I asked this question on Math.SE already, but there are still no answers after 10 days.

Also, I'm aware of the similar formulation of Lefschetz duality proved on p. 297 of Spanier's Algebraic Topology, but it's not quite the same, and I don't see how one follows from the other.

  • $\begingroup$ I remember being confused about this as well. Maybe some assumption on $A$ is missing? Or we need to take the closure of $X-A$ (and this needs to be a manifold with boundary?)? Back when I needed a statement like this, I found exercise 35 on page 260 of Hatcher's book sufficient. $\endgroup$ – Thomas Rot Apr 26 '14 at 1:09
  • $\begingroup$ Now that Mingcong gave a proof for the smooth case, I feel that for the general case($A$ can be singular and contain the singular locus of $X$), if one takes the log resolution of the pair $(X,A)$, the inverse image of $A$ is a SNC divisor which should have something similar to "the unit disc bundle of tubular nbh"(as locally the equation is nice). The image of the "tubular nbh" in $X$ deformation retracts to $A$ and might serve the purpose as well. $\endgroup$ – Honglu Apr 26 '14 at 22:32

I have a slightly modified version of answer which might help you.

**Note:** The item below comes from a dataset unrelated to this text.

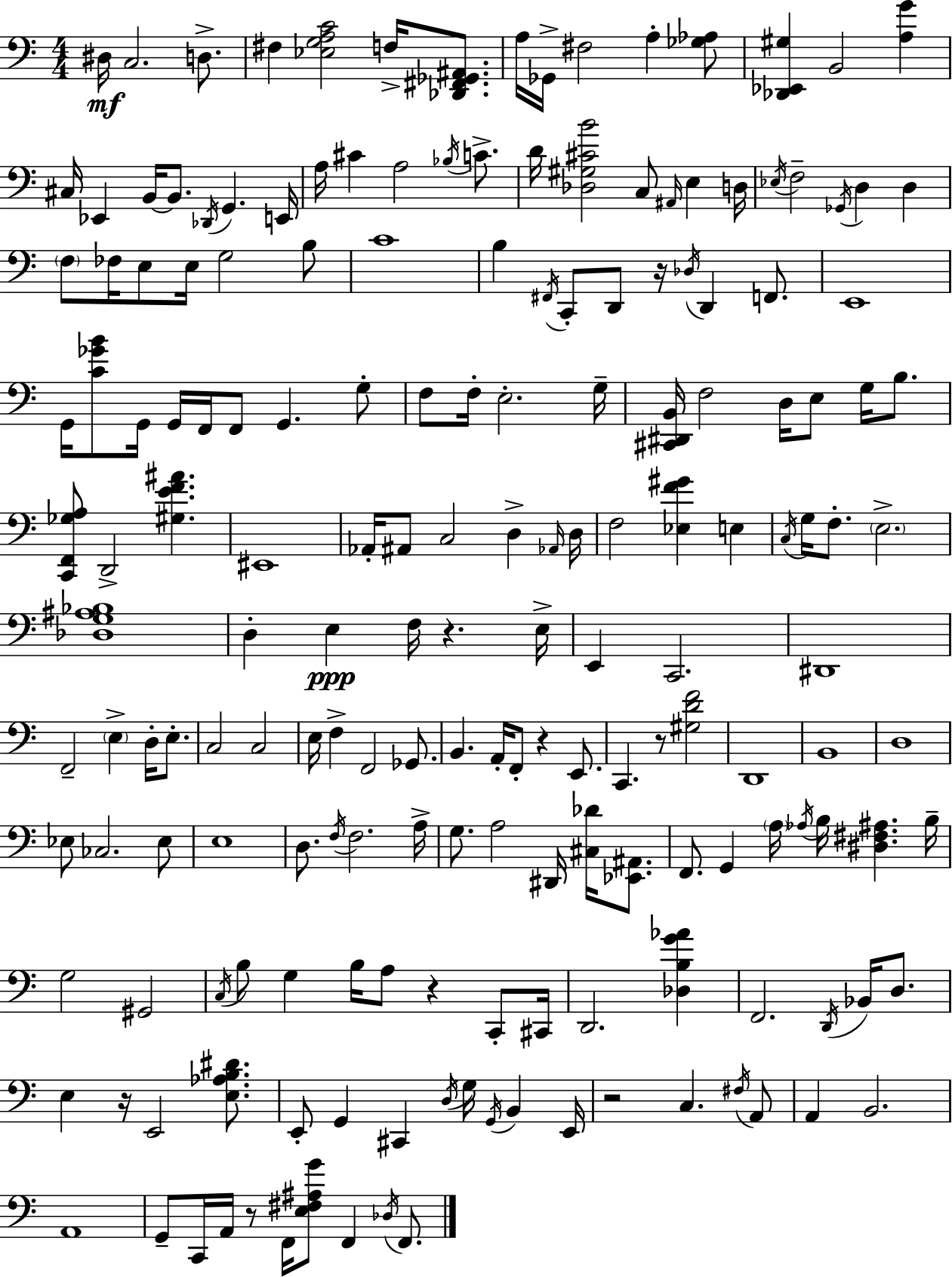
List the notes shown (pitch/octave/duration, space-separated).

D#3/s C3/h. D3/e. F#3/q [Eb3,G3,A3,C4]/h F3/s [Db2,F#2,Gb2,A#2]/e. A3/s Gb2/s F#3/h A3/q [Gb3,Ab3]/e [Db2,Eb2,G#3]/q B2/h [A3,G4]/q C#3/s Eb2/q B2/s B2/e. Db2/s G2/q. E2/s A3/s C#4/q A3/h Bb3/s C4/e. D4/s [Db3,G#3,C#4,B4]/h C3/e A#2/s E3/q D3/s Eb3/s F3/h Gb2/s D3/q D3/q F3/e FES3/s E3/e E3/s G3/h B3/e C4/w B3/q F#2/s C2/e D2/e R/s Db3/s D2/q F2/e. E2/w G2/s [C4,Gb4,B4]/e G2/s G2/s F2/s F2/e G2/q. G3/e F3/e F3/s E3/h. G3/s [C#2,D#2,B2]/s F3/h D3/s E3/e G3/s B3/e. [C2,F2,Gb3,A3]/e D2/h [G#3,E4,F4,A#4]/q. EIS2/w Ab2/s A#2/e C3/h D3/q Ab2/s D3/s F3/h [Eb3,F4,G#4]/q E3/q C3/s G3/s F3/e. E3/h. [Db3,G3,A#3,Bb3]/w D3/q E3/q F3/s R/q. E3/s E2/q C2/h. D#2/w F2/h E3/q D3/s E3/e. C3/h C3/h E3/s F3/q F2/h Gb2/e. B2/q. A2/s F2/e R/q E2/e. C2/q. R/e [G#3,D4,F4]/h D2/w B2/w D3/w Eb3/e CES3/h. Eb3/e E3/w D3/e. F3/s F3/h. A3/s G3/e. A3/h D#2/s [C#3,Db4]/s [Eb2,A#2]/e. F2/e. G2/q A3/s Ab3/s B3/s [D#3,F#3,A#3]/q. B3/s G3/h G#2/h C3/s B3/e G3/q B3/s A3/e R/q C2/e C#2/s D2/h. [Db3,B3,G4,Ab4]/q F2/h. D2/s Bb2/s D3/e. E3/q R/s E2/h [E3,Ab3,B3,D#4]/e. E2/e G2/q C#2/q D3/s G3/s G2/s B2/q E2/s R/h C3/q. F#3/s A2/e A2/q B2/h. A2/w G2/e C2/s A2/s R/e F2/s [E3,F#3,A#3,G4]/e F2/q Db3/s F2/e.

Assume $X$ is a closed(compact + without boundary) manifold and $A$ is a closed submanifold. Then let $M = X - D(N(A))$ where $D(N(A))$(sorry for the silly notation) is the open disc bundle of tublar neighborhood of $A$. Then $M$ is a compact manifold with boundary diffeomorphic to the sphere bundle of $N(A)$. So consider the pair $(M,\partial M)$ and its cohomology. By Poincare duality we have $H^i(M,\partial M;\mathbb{Z}) = H_{n-i}(M;\mathbb{Z})$(Which comes from the version that boundary is the disjoint union of 2 manifold and take the second one to be empty, I think it can be found on Hatcher or Kosinski). (And I omit the coefficient $\mathbb{Z}$ from now on)Then $H_{n-i}(M) = H_{n-i}(X - A)$ since as topological spaces they are homotopy equivalent. Now $H^i(M,\partial M) = H^i(M/\partial M)$ by excision. But $H^i(M/\partial M) = H^i(X/A) = H^i(X,A)$. The first equation is because they are homeomorphic as topological spaces(They are both $X-A$ joining a point). So after all $H^i(X,A) = H_{n-i}(X - A)$ assuming $X$ is closed manifold and $A$ a closed submanifold.

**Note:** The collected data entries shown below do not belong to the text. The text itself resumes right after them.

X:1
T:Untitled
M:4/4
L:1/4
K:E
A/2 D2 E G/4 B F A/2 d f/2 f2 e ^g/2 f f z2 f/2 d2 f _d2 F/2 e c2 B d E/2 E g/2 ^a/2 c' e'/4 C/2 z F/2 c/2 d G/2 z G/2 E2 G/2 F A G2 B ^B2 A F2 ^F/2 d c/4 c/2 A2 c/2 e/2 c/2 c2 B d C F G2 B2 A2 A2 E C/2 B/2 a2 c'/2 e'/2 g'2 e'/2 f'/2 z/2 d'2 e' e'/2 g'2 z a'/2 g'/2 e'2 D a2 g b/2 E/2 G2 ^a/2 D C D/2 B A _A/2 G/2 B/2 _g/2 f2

You can also do the same by consider $H_i(M,\partial M;\mathbb{Z})$ at the beginning and you will end at $H_i(X,A) = H^{n-i}(X - A)$. Hopefully my argument makes sense and this works for you.

For more general case I do not know because here I require $A$ to be a submanifold so I can benefit from taking the sphere bundle of tublar neighborhood. I also assume $X$ is compact to avoid anything about compact supported cohomology. This version looks working for your example if you replace $X$ by $S^2$ since we require compactness.

I am sorry that this should be a comment since it does not answer your question precisely but I do not have enough reputation for leaving a comment. And I am dumb at $\LaTeX$ so I use $=$ for isomorphism between groups.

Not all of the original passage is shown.